Süddeutsche Zeitung

"Tatort" aus Dresden:Unerbittlich und unerreichbar

Im Dresdner Fall "Katz und Maus" versteigt sich ein Vater in Verschwörungsmythen. Ein aufregender Thriller, der ein Kernphänomen der Gegenwart trifft.

Von Holger Gertz

Dieser Tatort aus Dresden ist das Porträt eines Verlorengegangenen. Michael Sobotta (Hans Löw) hat mit seinen cholerischen Ausbrüchen seine Frau in die Flucht geschlagen und auch seine Tochter Zoe. Die hat er in flagranti mit ihrem Freund erwischt und den Burschen dann verprügelt - mehr kann ein Vater nicht tun, um das Verhältnis zu seiner Tochter endgültig und vorsätzlich in Trümmer zu legen. Aber Sobotta hat sich eingeredet, dass die junge Frau gar nicht seinetwegen abgehauen ist - nein, in die Hände von Kinderfängern sei sie geraten. Eine Verschwörungserzählung, natürlich - aber indem ein schwer strauchelnder Mann wie Sobotta sich in seine Schicksalskonstruktion flüchtet, kann er sich selbst vom eigenen Scheitern und Versagen ablenken. Nicht zugeben, wie sehr man selber drinsteckt - darum geht es.

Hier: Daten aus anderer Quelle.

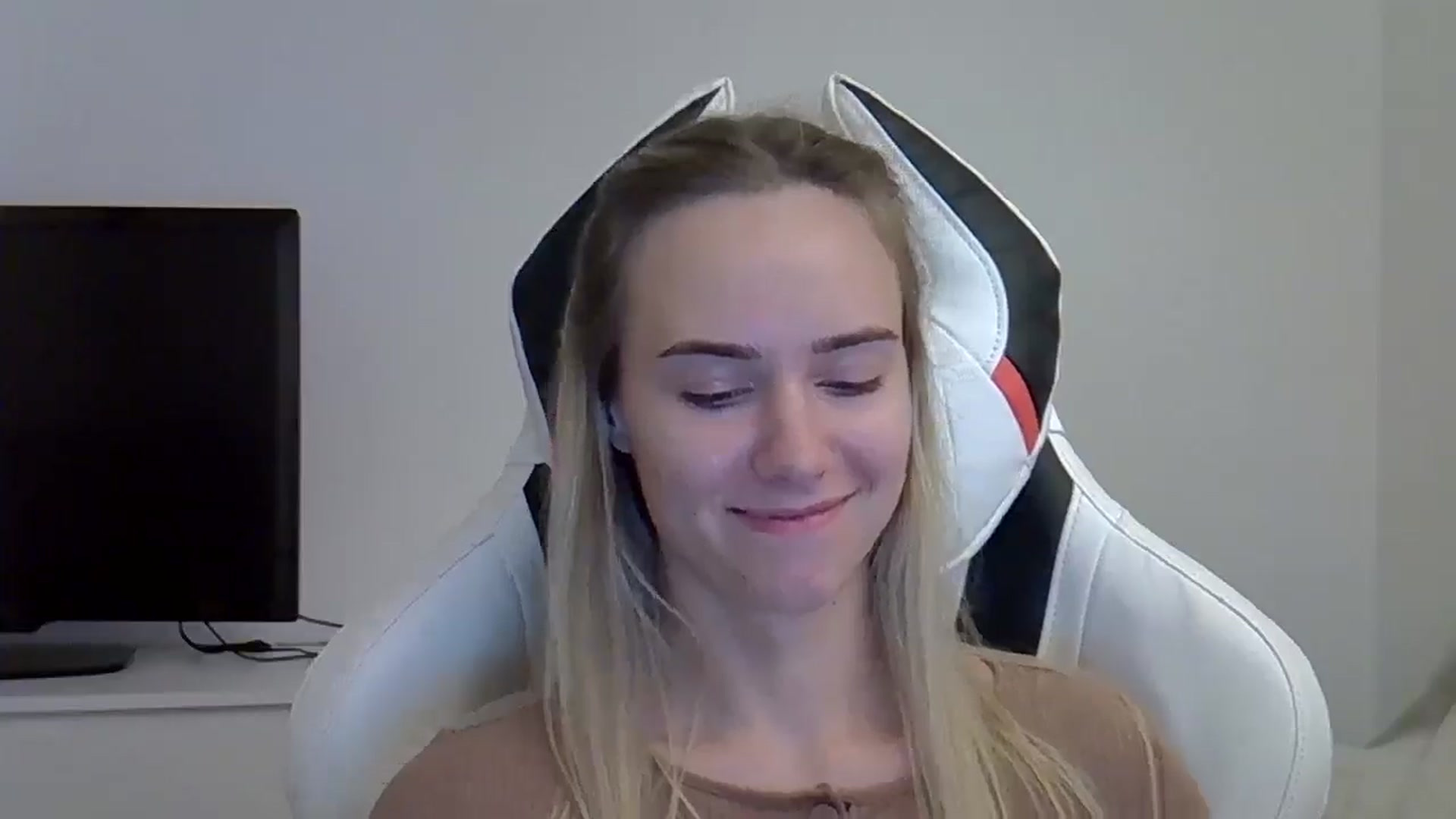 Gallery image thumbnail from Ocean__Soul's myfreecams stream on, 05/28/2025, 19:42 image 16 of 20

Sobotta also - seine Unerbittlichkeit wird von Löw wunderbar auf den Punkt gespielt - entführt erst eine Boulevardjournalistin und dann auch den Dresdner Kommissariatsleiter Peter Michael Schnabel (Martin Brambach). Beide sollen bezahlen dafür, dass sie mit den Politikern unter einer Decke stecken und alle zusammen nichts tun gegen Kinderporno-Ringe, im Gegenteil: "Meinen Quellen zufolge gab es dicke Pannen bei der Ermittlungsarbeit, die mich fragen lassen: Hat die Polizei hier wirklich ihren Job gemacht? Wurden die Fehler vielleicht sogar absichtlich begangen? Was verheimlicht die Dresdner Polizei?"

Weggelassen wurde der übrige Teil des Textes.